It is an unusual book that casts new and paradoxical light on the nature of mathematics.

This book will be interesting—perhaps for different reasons—to school teachers of mathematics, to math majors at universities, to graduate students in mathematics and computer science, to research mathematicians and computer scientists, to philosophers and historians of mathematics, and to psychologists and neurophysiologists.

The author's goal is to start a dialogue between mathematicians and cognitive scientists. He discusses, from a working mathematician's point of view, the mystery of mathematical intuition: why are certain mathematical concepts more intuitive than others? To what extent does the "small scale" structure of mathematical concepts and algorithms reflect the workings of the human brain?
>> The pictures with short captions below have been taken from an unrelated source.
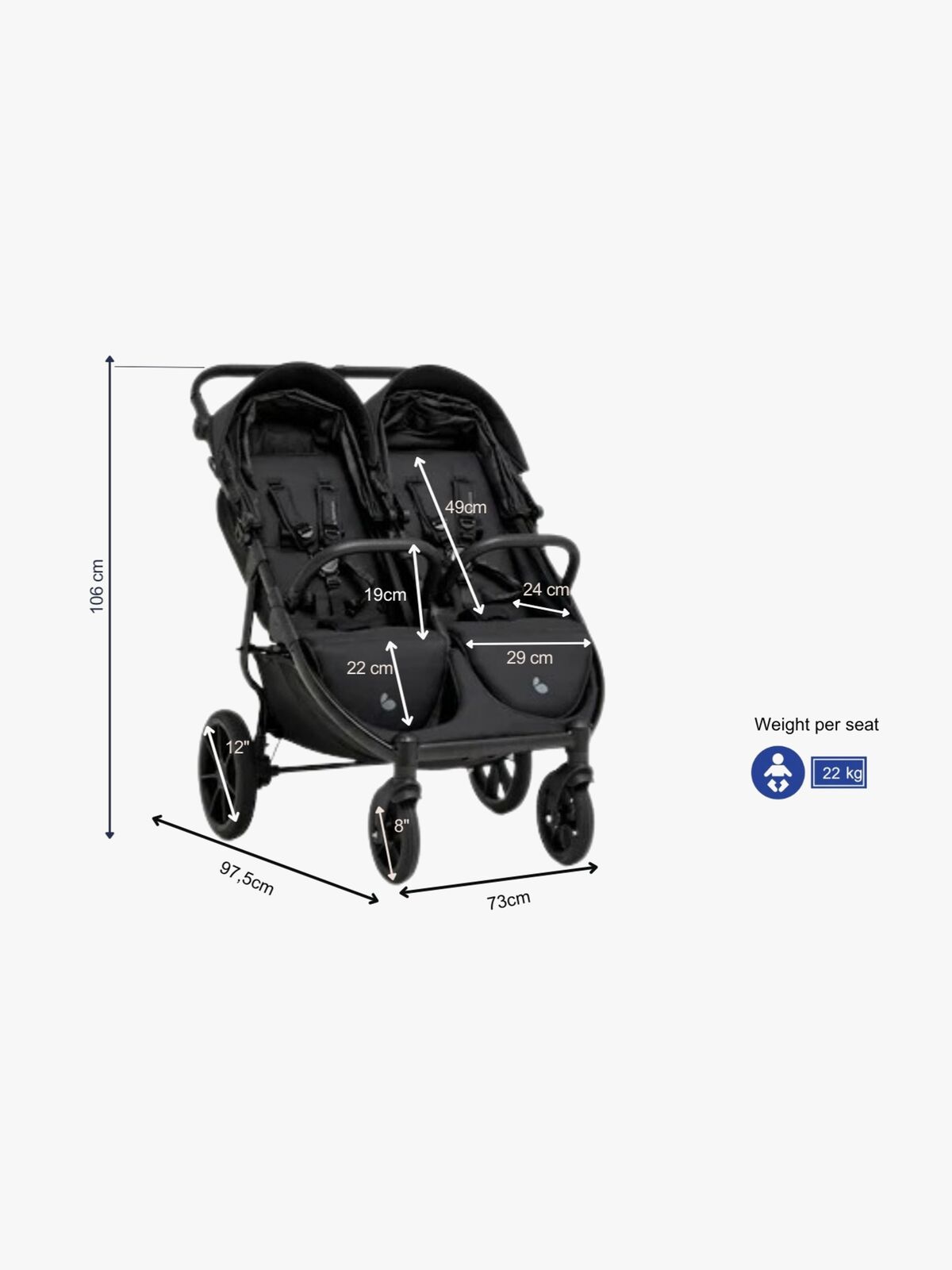 BM-BFF60STROLLER-NIGHTBLACK-1895_4f.JPG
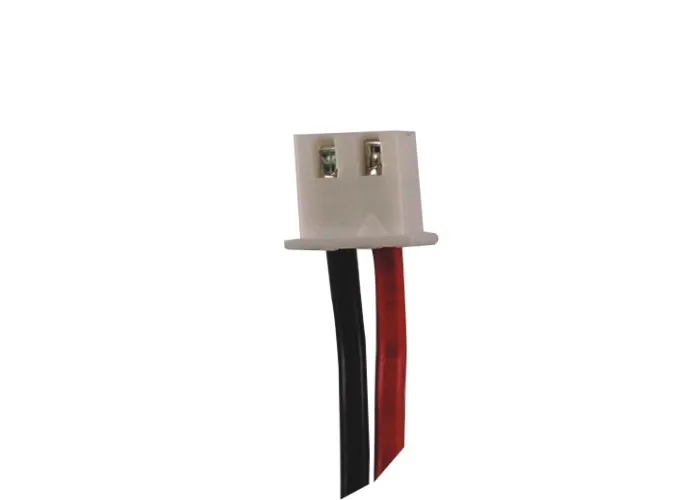 Аккумулятор Cameron Sino 2500 мАч для цифровых CP-HLT71 Prisim A1710130 ATSC710 TVS3970A Haier 805-01-NL HERLT71 HLT71
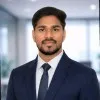 Harsha Devara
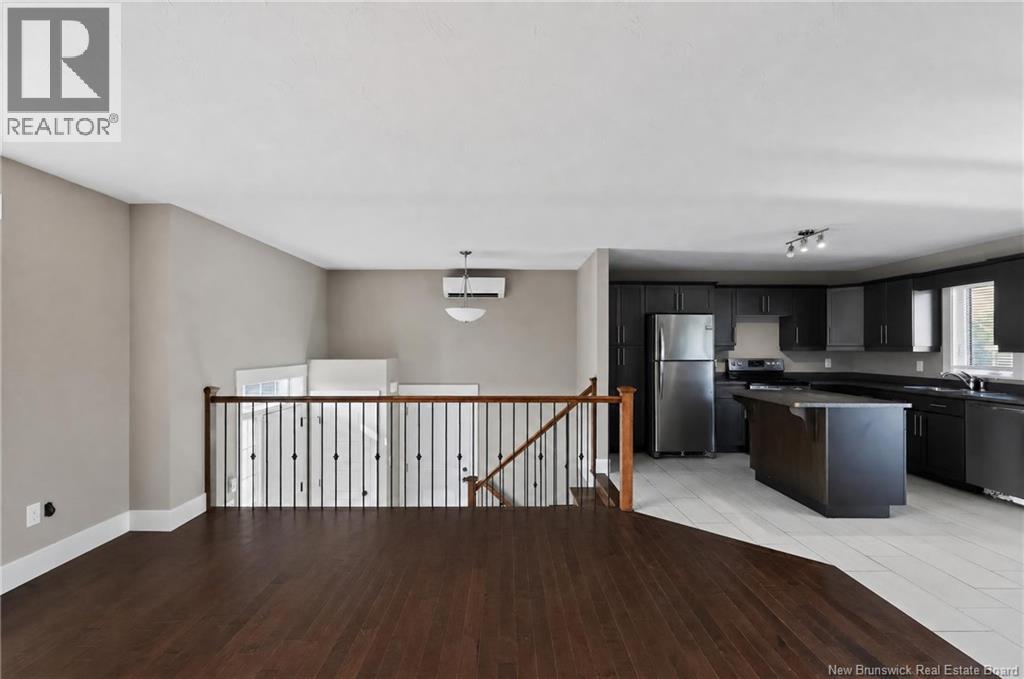 27 Cumberland, Moncton — photo 9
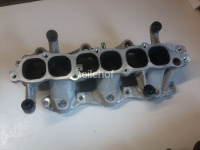 Verteilerbrücke MD339094 für Mitsubishi Galant VI 2,5l 24V V6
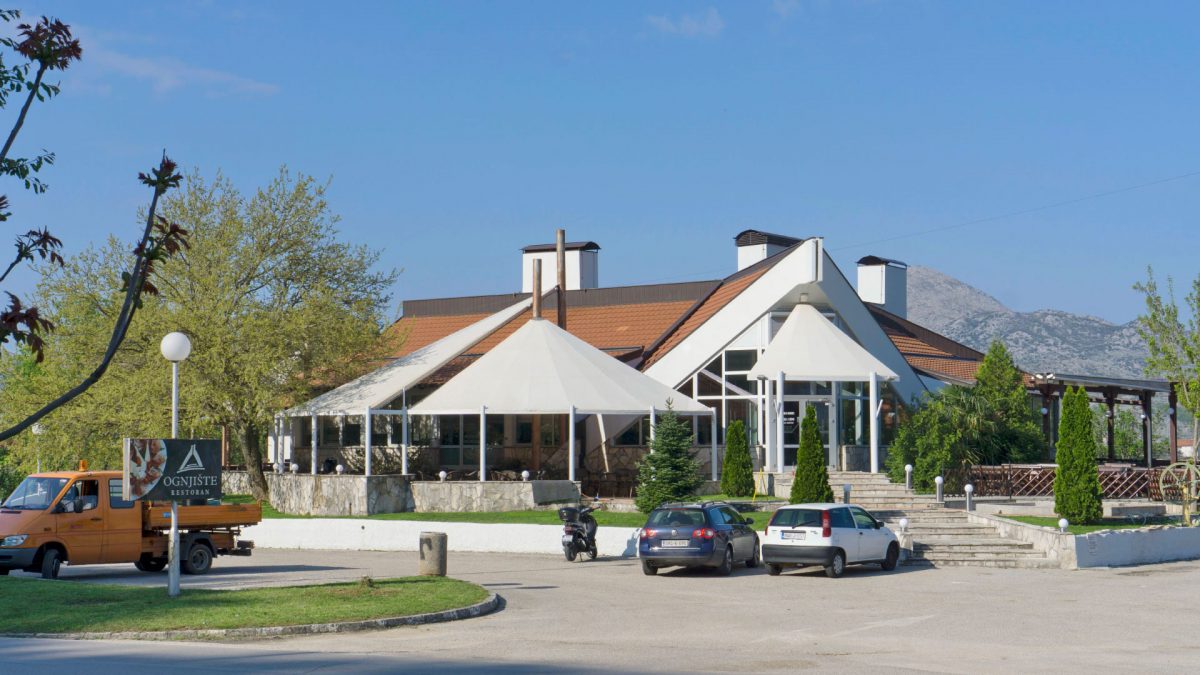 restoran (36)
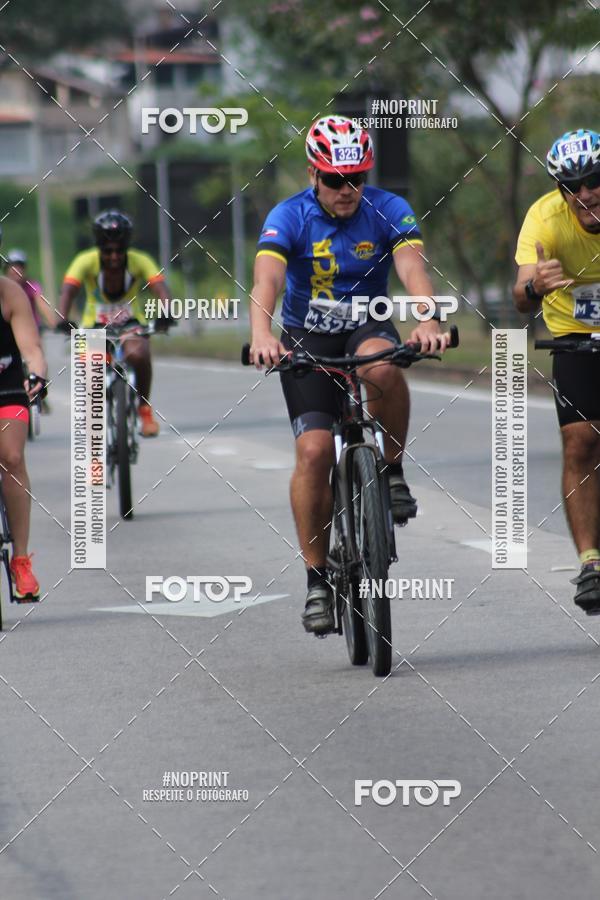 Buy your photos of the eventDUATHLON DO VALE 2 ETAPA on Fotop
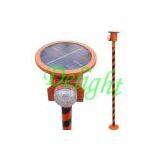 Super Bright Solar Garden Lawn Light (DL-HBL-87-4) thumbnail-1
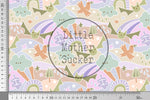 Lade das Bild in den Galerie-Viewer, Design "Happy" COLLECTION 0,5 m
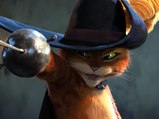 Puss in Boots: The Last Wish (Le Chat Potté 2: La dernière quête): Trailer HD VF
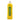 Master Kong Snow Pear Juice 500ml | Tuk Tuk Mart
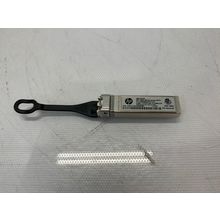HP QK724A 656435-001 16GB SW B-series SFP+ Transceiver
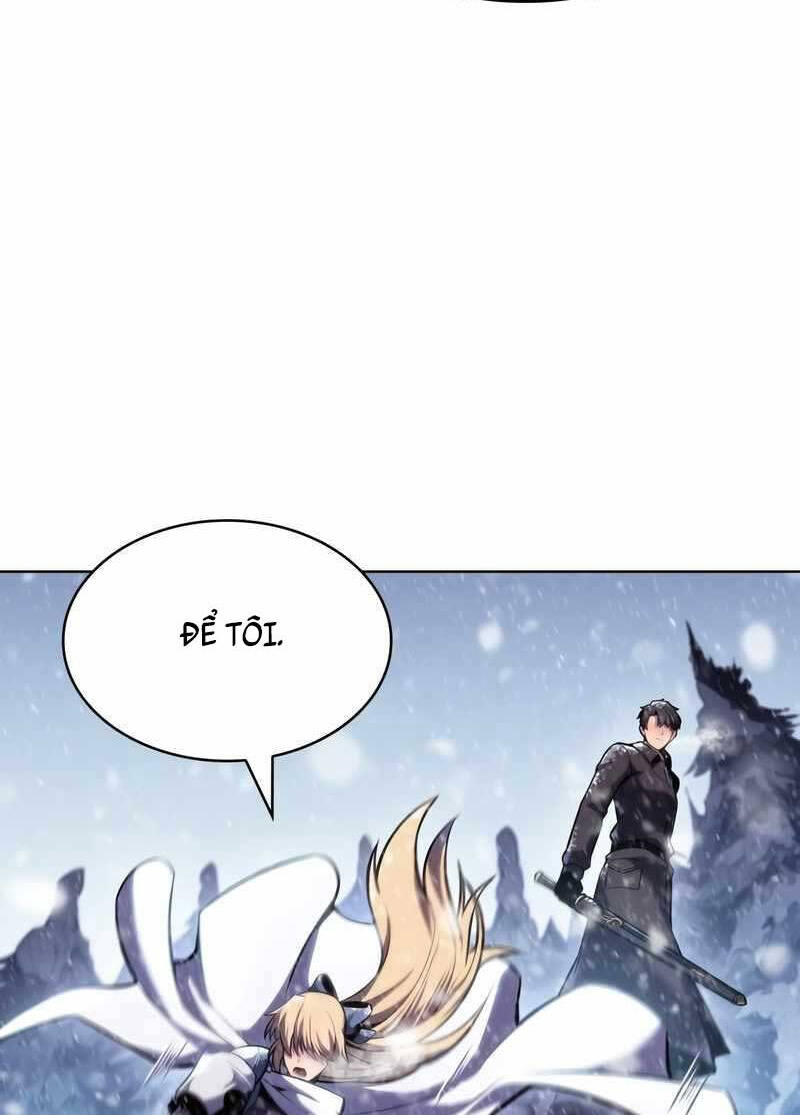 Người Chơi Mới Cấp Tối Đa chapter 94 - Upload bởi truyensieuhay.com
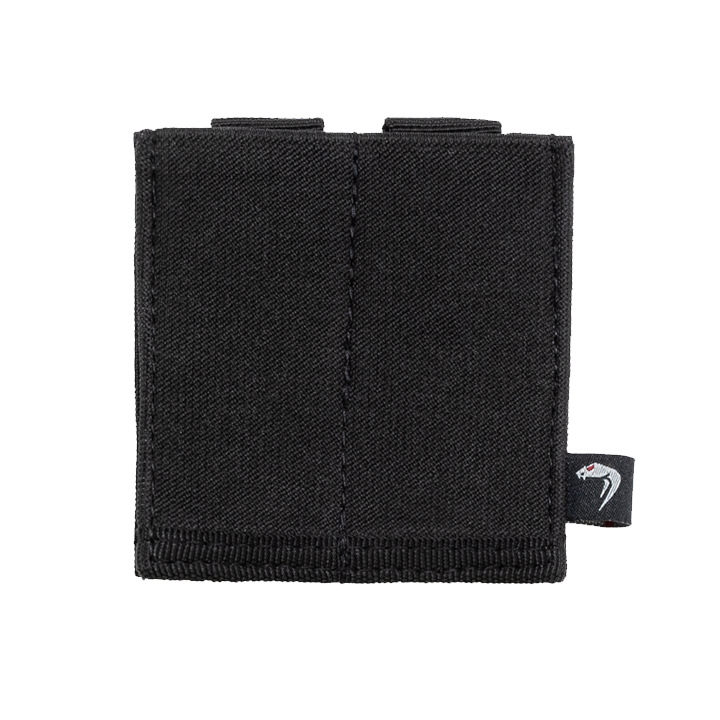 Viper Tactical - Double Pistol Mag Plate
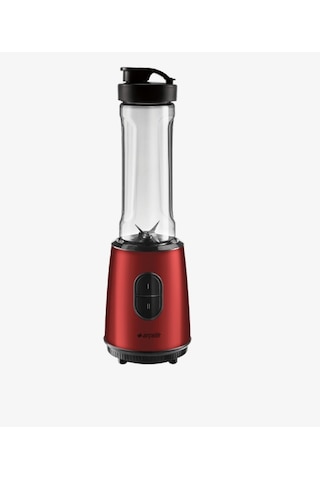 Arçelik K 8238 K 350 W B-Fit Blender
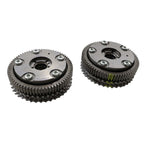 Timing Chain Kit Camshaft Adjuster 2720501547 for 05-17 Mercedes-Benz C300 S400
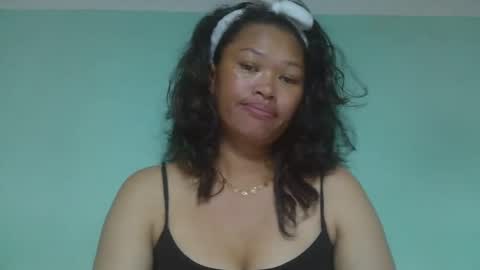 tahiniah online show from 02-26-25, 07:42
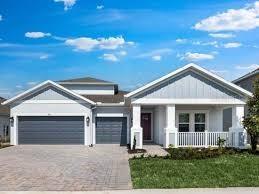 16552 Star Grass Cir., Bradenton, FL 34211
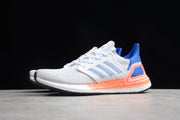 Adidas UltraBOOST 20 Consortium 6.0 Running Shoes EG0708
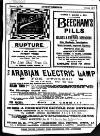 Cycling Saturday 05 January 1895 Page 49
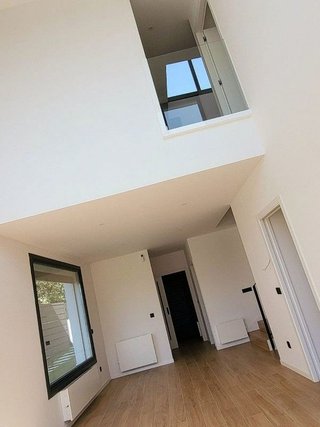 Casa pareada en venta en Alcabre - Navia - Comesaña en Vigo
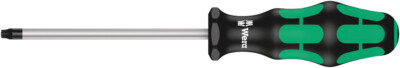 367 TORX  Schraubendreher, TX 30 x 115 mm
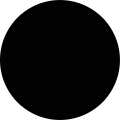 Furkan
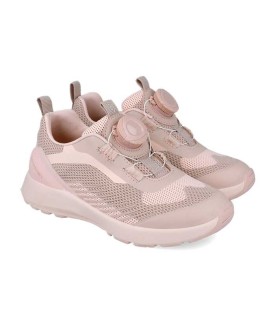 Deportiva Biomecanics Rosa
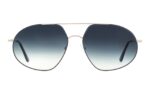 Andy Wolf Quincy 61g (Quincy 61G) Unisex EYEWEAR
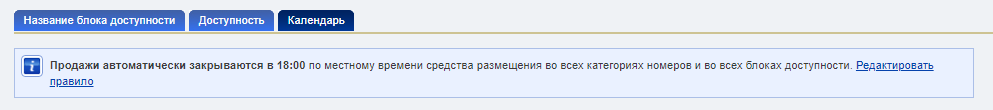ee9ca9436604e2cda42e91fd27b10cba.png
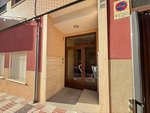 4 bedrooms Apartment in Castalla, Spain No. 126942 - Image 5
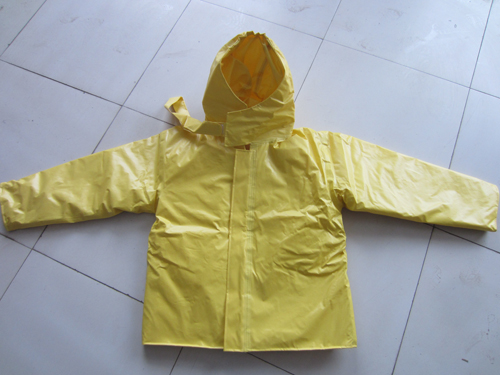绝缘防护服电绝缘服  电工绝缘服装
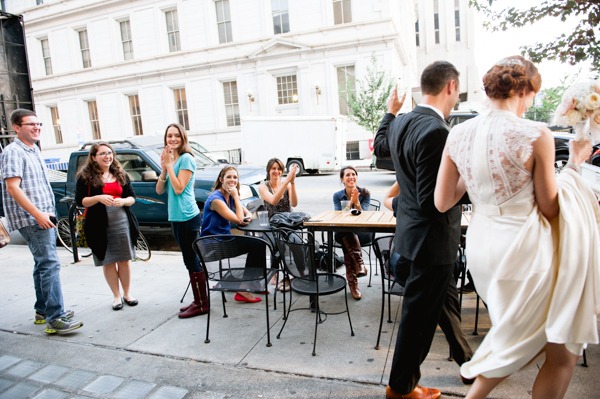 diy-dapper-deco-wedding-in-raleigh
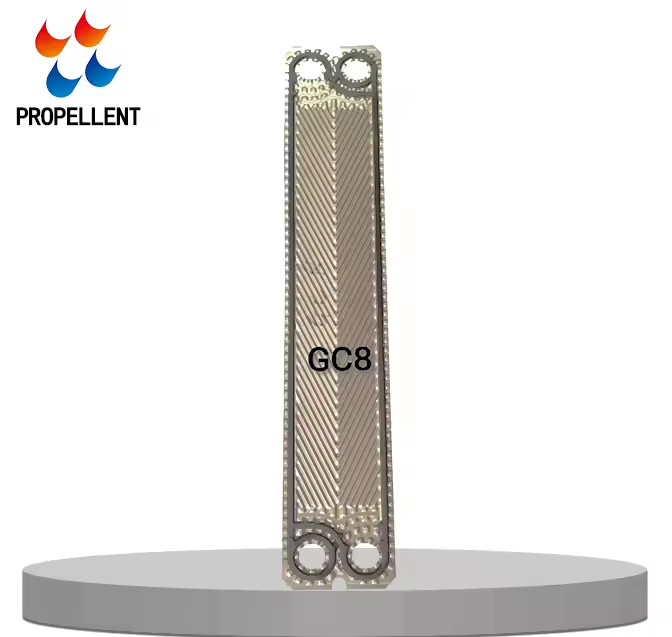 Product Importer Gallery 01 · 02e1d7c9b9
What are the "elementary particles" of mathematics that build up the mathematical universe?

One of the principal points of the book is the essential vertical unity of mathematics, the natural integration of its simplest objects and concepts into the complex hierarchy of mathematics as a whole. The same ideas and patterns of thinking can be found in elementary school arithmetic and in cutting-edge mathematical theories. There are no boundaries between "recreational", "elementary", "undergraduate", and "research" mathematics; the book freely moves throughout the whole range. Nevertheless, the author takes great care in keeping the book as non-technical as possible.

The book is saturated with amusing examples from a wide range of disciplines—from turbulence to error-correcting codes to logic—as well as with just puzzles and brainteasers. Despite the very serious subject matter, the author's approach is lighthearted and entertaining.